What really excited me was learning about India’s initiative to upscale renewable power capacity by 40%, to 175 GW. Due to the rapid pace of growth of the Indian economy, India ranks fourth in terms of carbon emissions. Therefore, in the run-up to the Paris summit, India has committed to cut 35% of emissions by 2030 from 2005 levels. India has created tremendous changes in policy framework with highly ambitious plans to increase the influence of solar energy up to 100 GW, followed by 60GW from Wind. One major milestone has to be Cochin International Airport in the southernmost state of Kerala, where tens of thousands of solar panels installed near the airport generates approximately 50,000 kilowatts of power, enabling it to be the first airport in the world powered entirely by solar energy.
Learning about India’s drive for sustainable energy transition has made me more focused and cogent about my life goals. I hope to contribute to my country’s progress by establishing a successful career in the renewable energy field. I aim to become part of the Indian government’s journey to efficiently managing energy resources through sustainable energy systems and ensure that these systems are ubiquitous all over India. In order to transform my dream into reality, it is imperative to pursue a proficiently structured master’s degree in this field such as the ‘Sustainable Energy Technologies’ offered by TU Delft. I believe I would immensely benefit from this programme, especially since TU Delft encourages independent and creative thinking while striking a balance between theory and practical knowledge. TU Delft’s excellent laboratories and research facilities coupled with its excellent ties with industries have placed no doubts in my mind that TU Delft is the right place for me to pursue master’s degree.
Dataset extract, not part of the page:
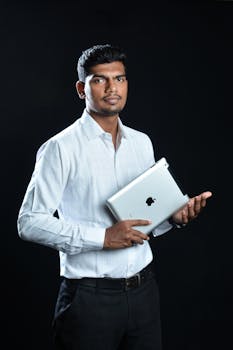 Portrait of a confident man holding a tablet against a black background, wearing a white shirt.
The ‘Autonomous systems’ profile cluster is my primary choice of study since learning how to harness energy using wind and solar systems and most importantly, how these power generated can be stored in order to ensure grid stability where the supply of generation meets the demand, interests me. I reached this conclusion since one of the challenges India is trying to solve is incorporating energy storage so as to alleviate grid power management problems due to the intermittent power output from renewable energy.